He was talking about the ready made kind, not starting from scratch (I only met someone once ever that actually did that).


----------



## Ray McCarthy (Jul 27, 2015)

Interesting, I just came on this which backs up my contention that the problem is largely School based and not College or Workplace:

http://www.theregister.co.uk/2015/07/27/new_study_into_lack_of_women_in_tech_its_not_the_mens_fault/

At primary level in Ireland there is a problem that the teachers are nearly all women and the Principals nearly all men. That's a source of problems.


----------



## Jo Zebedee (Jul 27, 2015)

@Cat's Cradle - no, I'll keep Jo, I think, unless everything goes pearshaped and I need to change to a pen name. As Brian pointed out I've used the female Jo and I'm open about being a lady.


----------



## Stephen Palmer (Jul 27, 2015)

I know absolutely nothing about cars, so I drive a Skoda Fabia.


----------



## Stephen Palmer (Jul 27, 2015)

Ray McCarthy said:


> At primary level in Ireland there is a problem that the teachers are nearly all women and the Principals nearly all men.
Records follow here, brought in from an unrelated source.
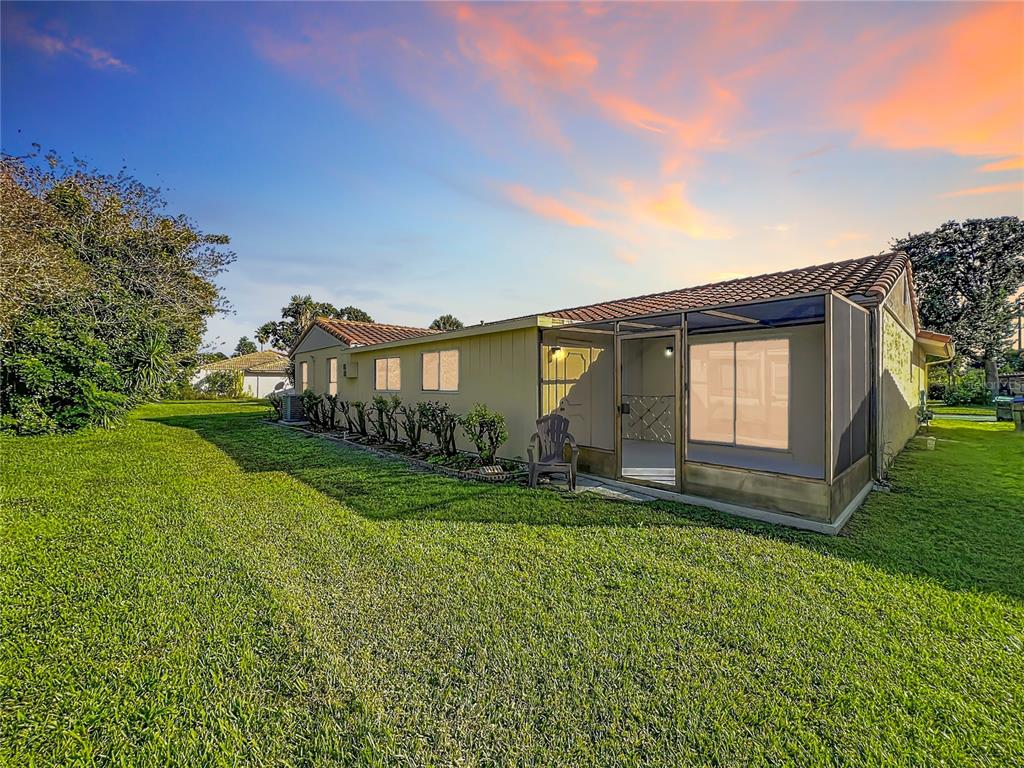 A single-story house with a screened-in porch and a large grassy yard at sunset — 5321 WILLIAMSPORT DRIVE, ORLANDO, FL
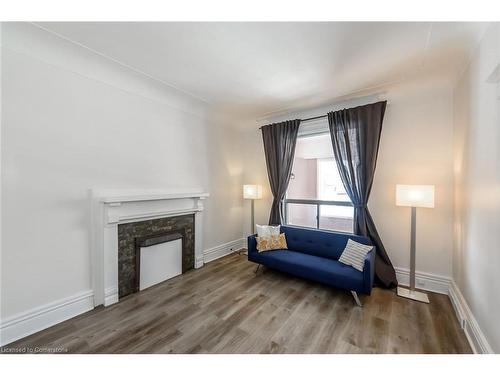 1-191 Sherman Avenue S, Hamilton, ON - Indoor Photo Showing Living Room With Fireplace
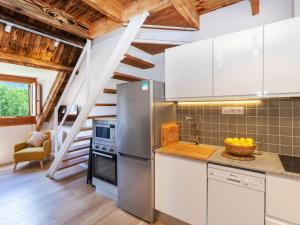 a kitchen with a stainless steel refrigerator and a staircase at Apartment Nevat by Interhome in Pla de l'Ermita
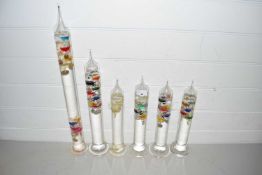 Six various glass Galileo thermometers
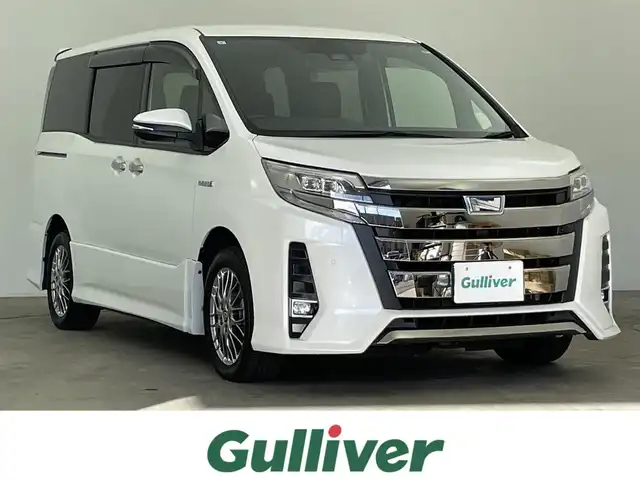 トヨタ ノア ハイブリッド Si ダブルバイビーⅡ 千葉県 2019(平31)年 5.8万km ホワイトパールクリスタルシャイン 禁煙車/トヨタセーフティセンス/・先行車発進お知らせ/・レーンディパーチャーアラート/・クリアランスソナー/・クルーズコントロール/両側パワースライドドア/純正１０型メモリナビ/・型番：NSZN-Z68T/・CD/DVD/Bluetooth/フルセグTV/・バックカメラ/・ビルトインETC/革巻きステアリング/・ステアリングスイッチ/ハーフレザーシート/・DNシートヒーター/左右独立エアコン/純正フロアマット/純正ドアバイザー/純正１６インチAW/オートライト/・オートマチックハイビーム/・LEDヘッドライト/・LEDフォグランプ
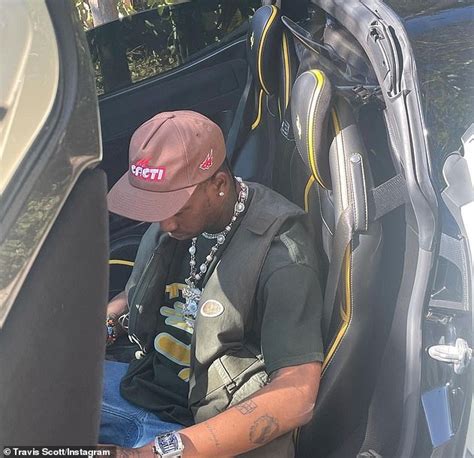 Travis Scott Jumps Into His Limited Edition Ferrari Worth An Eye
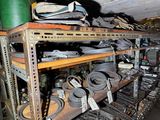many different types of belts on a shelf in a room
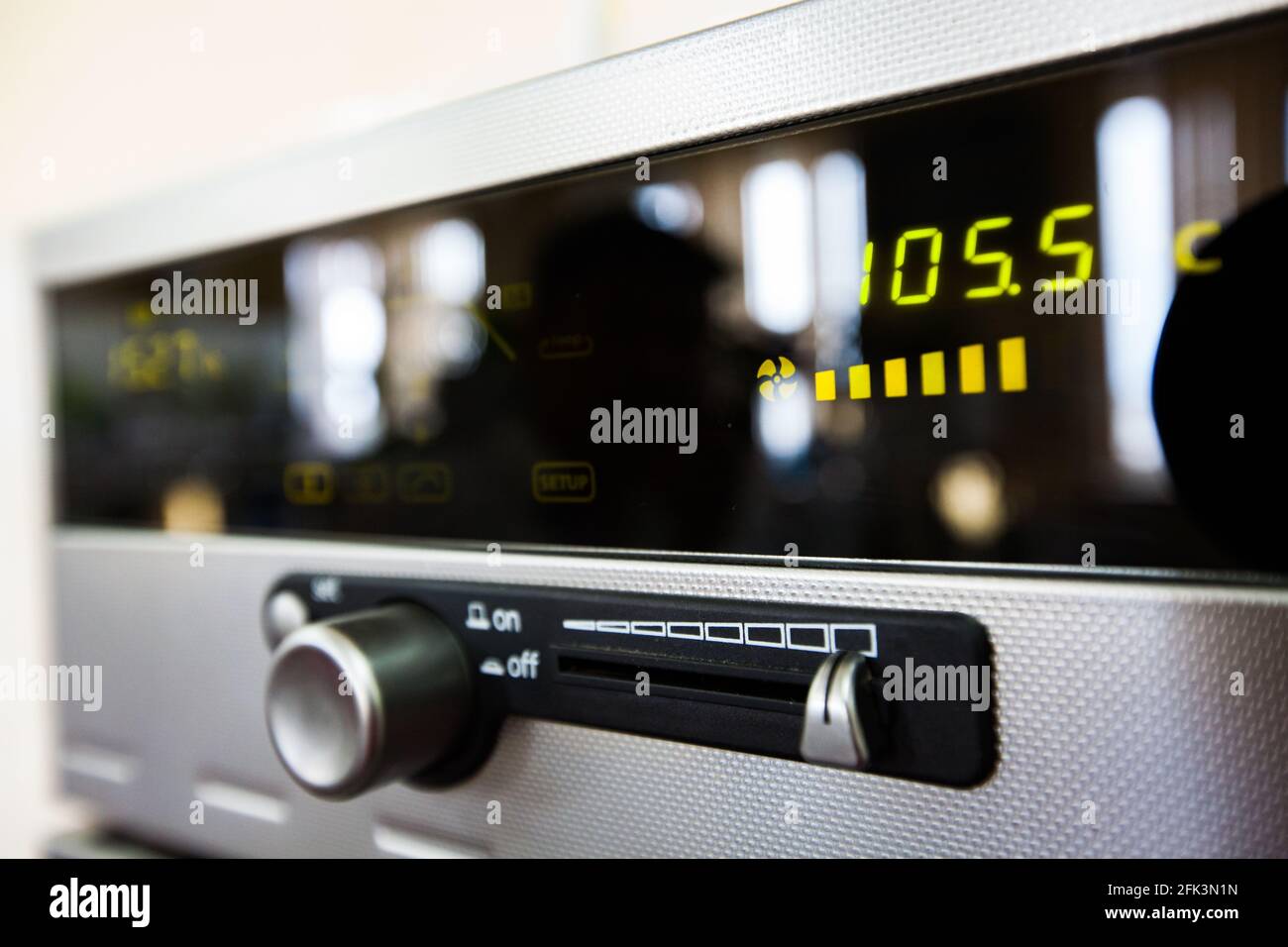 Nahaufnahme und perspektivische Ansicht auf UKW-Radio. Teilweise verschwommenes Foto. Graues Metallgehäuse, schwarzes Kunststoff-Displayglas. Abstrakter industrieller Hintergrund. Stockfoto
That's a source of problems.



I used to work at a girls' school - a well known one. Four members of the academic staff were male - two of those in Physics! Aaaargh!


----------



## Serendipity (Jul 27, 2015)

I'm sorry to say that apart from the discussion about her novel, I found nothing new in the article. 

I will also add that I have seen comments elsewhere about the low percentage of women critics having an impact on this debate, though the relationship is complicated. Strange Horizons gives some interesting facts - see http://strangehorizons.com/2015/20150330/sfcount-a.shtml


----------